ASSIGNMENT: An identical reprint of the entire listing below is expected.

####

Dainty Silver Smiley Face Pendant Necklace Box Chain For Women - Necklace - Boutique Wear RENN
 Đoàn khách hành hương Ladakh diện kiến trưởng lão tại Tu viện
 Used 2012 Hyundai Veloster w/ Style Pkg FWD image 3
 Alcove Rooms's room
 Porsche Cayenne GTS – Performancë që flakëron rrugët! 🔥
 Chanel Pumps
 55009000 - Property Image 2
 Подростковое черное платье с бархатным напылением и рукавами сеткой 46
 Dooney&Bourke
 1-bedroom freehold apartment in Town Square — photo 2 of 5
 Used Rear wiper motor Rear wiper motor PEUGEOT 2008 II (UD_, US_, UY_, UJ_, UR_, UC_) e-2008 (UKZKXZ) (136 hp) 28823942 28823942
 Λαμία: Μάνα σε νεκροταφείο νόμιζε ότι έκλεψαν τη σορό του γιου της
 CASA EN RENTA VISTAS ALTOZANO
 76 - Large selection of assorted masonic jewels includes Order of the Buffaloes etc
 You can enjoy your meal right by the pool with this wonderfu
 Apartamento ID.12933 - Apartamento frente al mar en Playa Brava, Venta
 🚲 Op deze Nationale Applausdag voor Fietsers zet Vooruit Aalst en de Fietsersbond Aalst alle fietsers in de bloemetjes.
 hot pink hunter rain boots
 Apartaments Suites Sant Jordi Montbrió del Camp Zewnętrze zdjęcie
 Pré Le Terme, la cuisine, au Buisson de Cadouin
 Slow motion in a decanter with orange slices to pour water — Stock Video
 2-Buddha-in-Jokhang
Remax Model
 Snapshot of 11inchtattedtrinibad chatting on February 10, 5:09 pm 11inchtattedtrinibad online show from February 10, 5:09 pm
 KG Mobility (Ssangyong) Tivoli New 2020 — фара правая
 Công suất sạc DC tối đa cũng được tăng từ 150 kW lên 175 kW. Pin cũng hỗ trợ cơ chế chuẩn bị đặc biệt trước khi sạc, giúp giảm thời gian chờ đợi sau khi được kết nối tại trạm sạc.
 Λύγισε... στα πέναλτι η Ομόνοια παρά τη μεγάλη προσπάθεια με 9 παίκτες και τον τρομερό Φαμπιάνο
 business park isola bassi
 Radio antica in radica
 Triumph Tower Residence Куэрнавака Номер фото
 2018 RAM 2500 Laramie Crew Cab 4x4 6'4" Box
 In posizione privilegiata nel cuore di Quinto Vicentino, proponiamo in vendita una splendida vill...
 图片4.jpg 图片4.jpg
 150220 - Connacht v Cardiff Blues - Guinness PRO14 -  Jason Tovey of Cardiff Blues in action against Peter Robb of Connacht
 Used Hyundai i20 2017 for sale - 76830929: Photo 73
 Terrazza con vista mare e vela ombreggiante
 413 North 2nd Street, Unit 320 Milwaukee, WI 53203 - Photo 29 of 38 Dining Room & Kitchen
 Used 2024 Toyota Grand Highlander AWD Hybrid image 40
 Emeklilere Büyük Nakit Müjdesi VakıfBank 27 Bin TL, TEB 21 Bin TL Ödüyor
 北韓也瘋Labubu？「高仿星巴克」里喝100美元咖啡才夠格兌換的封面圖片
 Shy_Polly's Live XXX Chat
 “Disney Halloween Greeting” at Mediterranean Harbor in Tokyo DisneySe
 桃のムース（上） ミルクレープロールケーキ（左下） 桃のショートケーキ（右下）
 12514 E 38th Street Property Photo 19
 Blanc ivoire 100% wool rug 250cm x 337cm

####

ANSWER BOX:
Dainty Silver Smiley Face Pendant Necklace Box Chain For Women - Necklace - Boutique Wear RENN
 Đoàn khách hành hương Ladakh diện kiến trưởng lão tại Tu viện
 Used 2012 Hyundai Veloster w/ Style Pkg FWD image 3
 Alcove Rooms's room
 Porsche Cayenne GTS – Performancë që flakëron rrugët! 🔥
 Chanel Pumps
 55009000 - Property Image 2
 Подростковое черное платье с бархатным напылением и рукавами сеткой 46
 Dooney&Bourke
 1-bedroom freehold apartment in Town Square — photo 2 of 5
 Used Rear wiper motor Rear wiper motor PEUGEOT 2008 II (UD_, US_, UY_, UJ_, UR_, UC_) e-2008 (UKZKXZ) (136 hp) 28823942 28823942
 Λαμία: Μάνα σε νεκροταφείο νόμιζε ότι έκλεψαν τη σορό του γιου της
 CASA EN RENTA VISTAS ALTOZANO
 76 - Large selection of assorted masonic jewels includes Order of the Buffaloes etc
 You can enjoy your meal right by the pool with this wonderfu
 Apartamento ID.12933 - Apartamento frente al mar en Playa Brava, Venta
 🚲 Op deze Nationale Applausdag voor Fietsers zet Vooruit Aalst en de Fietsersbond Aalst alle fietsers in de bloemetjes.
 hot pink hunter rain boots
 Apartaments Suites Sant Jordi Montbrió del Camp Zewnętrze zdjęcie
 Pré Le Terme, la cuisine, au Buisson de Cadouin
 Slow motion in a decanter with orange slices to pour water — Stock Video
 2-Buddha-in-Jokhang
Remax Model
 Snapshot of 11inchtattedtrinibad chatting on February 10, 5:09 pm 11inchtattedtrinibad online show from February 10, 5:09 pm
 KG Mobility (Ssangyong) Tivoli New 2020 — фара правая
 Công suất sạc DC tối đa cũng được tăng từ 150 kW lên 175 kW. Pin cũng hỗ trợ cơ chế chuẩn bị đặc biệt trước khi sạc, giúp giảm thời gian chờ đợi sau khi được kết nối tại trạm sạc.
 Λύγισε... στα πέναλτι η Ομόνοια παρά τη μεγάλη προσπάθεια με 9 παίκτες και τον τρομερό Φαμπιάνο
 business park isola bassi
 Radio antica in radica
 Triumph Tower Residence Куэрнавака Номер фото
 2018 RAM 2500 Laramie Crew Cab 4x4 6'4" Box
 In posizione privilegiata nel cuore di Quinto Vicentino, proponiamo in vendita una splendida vill...
 图片4.jpg 图片4.jpg
 150220 - Connacht v Cardiff Blues - Guinness PRO14 -  Jason Tovey of Cardiff Blues in action against Peter Robb of Connacht
 Used Hyundai i20 2017 for sale - 76830929: Photo 73
 Terrazza con vista mare e vela ombreggiante
 413 North 2nd Street, Unit 320 Milwaukee, WI 53203 - Photo 29 of 38 Dining Room & Kitchen
 Used 2024 Toyota Grand Highlander AWD Hybrid image 40
 Emeklilere Büyük Nakit Müjdesi VakıfBank 27 Bin TL, TEB 21 Bin TL Ödüyor
 北韓也瘋Labubu？「高仿星巴克」里喝100美元咖啡才夠格兌換的封面圖片
 Shy_Polly's Live XXX Chat
 “Disney Halloween Greeting” at Mediterranean Harbor in Tokyo DisneySe
 桃のムース（上） ミルクレープロールケーキ（左下） 桃のショートケーキ（右下）
 12514 E 38th Street Property Photo 19
 Blanc ivoire 100% wool rug 250cm x 337cm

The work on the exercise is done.